11. In 2013, as Deputy Solicitor General of Texas, you assisted on an amicus brief submitted by Texas in Shelby County v. Holder. The brief urged the Supreme Court to strike down section 5 of the Voting Rights Act, recounting Texas’ efforts to gain preclearance for a state voter identification law. (Brief of the State of Texas as Amicus Curiae in Support of Petitioner, Shelby County v. Holder, 570 U.S. 529 (2013), 2013 WL 355763.)
Can voter-identification laws impose a significant burden on voting? Can they suppress voter turnout?
Any law that regulates how voters vote can impose burdens. The question in each case is whether those regulations are lawful. On April 27, 2018, the Fifth Circuit upheld Texas’s voter-identification requirements. See Veasey v. Abbott, No. 17-40884 (5th Cir. Apr. 27, 2018). And the court noted that “Plaintiffs neither allude to nor adduce any proof that SB 5 has a discriminatory effect on indigent minority voters.” Slip op. at 16. That litigation is nevertheless ongoing, and I therefore cannot properly comment further on the evidence presented in it. See Code of Conduct for United States Judges, Canon 3(A)(6).
12. On February 22, 2018, when speaking to the Conservative Political Action Conference (CPAC), White House Counsel Don McGahn told the audience about the Administration’s interview process for judicial nominees. He said: “On the judicial piece … one of the things we interview on is their views on administrative law. And what you’re seeing is the President nominating a number of people who have some experience, if not expertise, in dealing with the government, particularly the regulatory apparatus. This is different than judicial selection in past years…”
a. Did anyone in this Administration, including at the White House or the Department of Justice, ever ask you about your views on any issue related to administrative law, including your “views on administrative law”? If so, by whom, what was asked, and what was your response?
As noted in Item 26(a) of my Senate Judiciary Questionnaire, I interviewed with officials from the White House and the Department of Justice more than a year ago, on March 17, 2017. I do not recall everything discussed in that interview. I do recall, however, discussing the nondelegation doctrine, which could be considered an issue related to administrative law. I noted that under the Supreme Court’s nondelegation doctrine, Congress must provide agencies an “intelligible principle” to guide administrative discretion. I noted that since 1935, the Supreme Court has rejected every nondelegation or intelligible principle challenge it has faced—most recently in Whitman v. American Trucking, 531 U.S. 457 (2001). As I testified in my hearing, Whitman is binding Supreme Court precedent. And if confirmed, I would apply it fully, faithfully, and fairly.
b. Since 2016, has anyone with or affiliated with the Federalist Society, the Heritage Foundation, or any other group, asked you about your views on any issue related to administrative law, including your “views on administrative law”? If so, by whom, what was asked, and what was your response?

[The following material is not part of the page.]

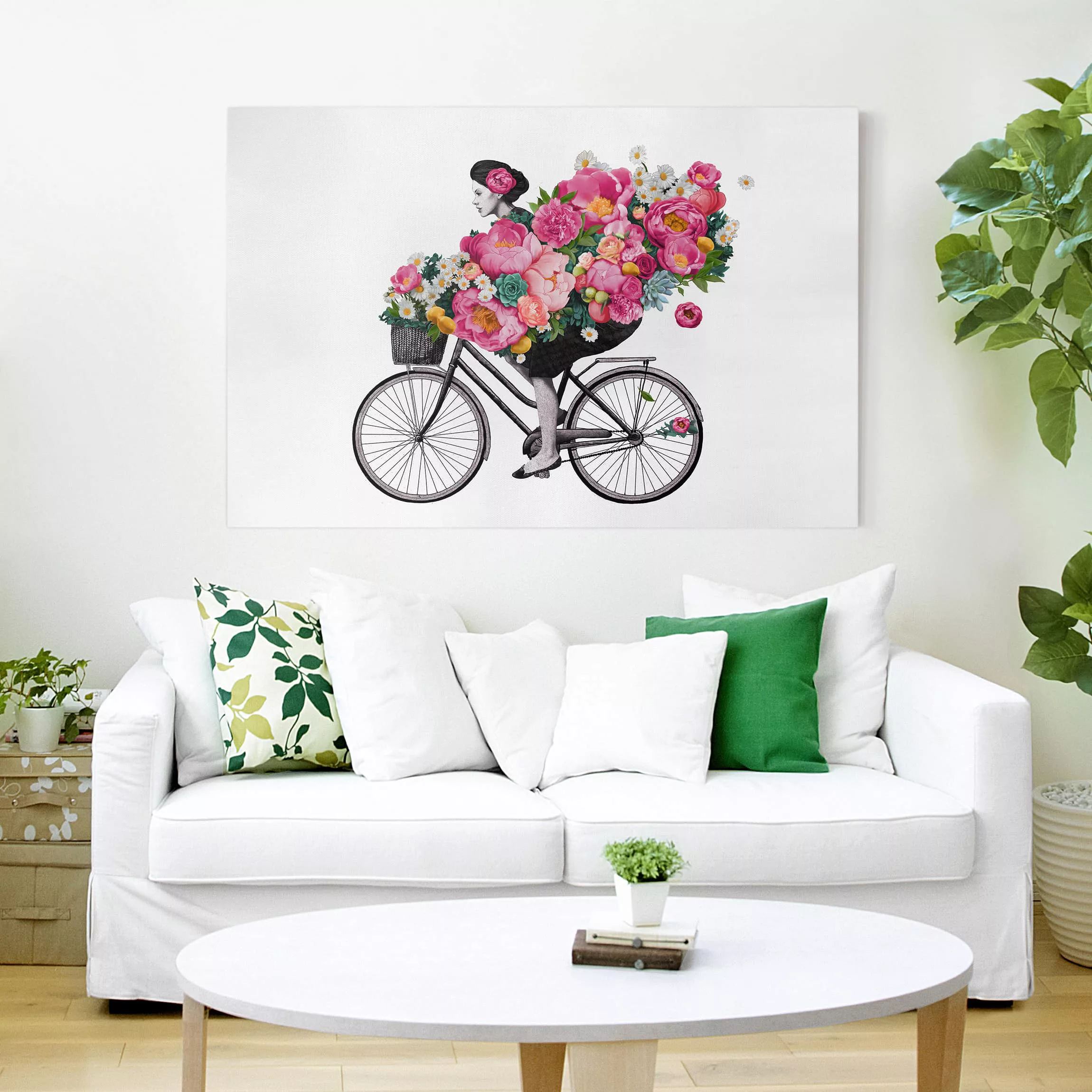 Leinwandbild Blumen - Querformat Illustration Frau auf Fahrrad Collage bunt günstig online kaufen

As noted in Item 12(d) of my Senate Judiciary Questionnaire, I have spoken to audiences affiliated with the Federalist Society. Some of those speeches touched on administrative- law issues, but as I testified before the Committee, each of those speeches was given on behalf of the Governor and advocated the Governor’s views, not my own. As far as I can recall, no one affiliated with the Federalist Society has asked me about my personal views on administrative law. I have not spoken to the Heritage Foundation, nor has anyone from that organization asked me about my views on administrative law (or any other topic, as far as I can recall).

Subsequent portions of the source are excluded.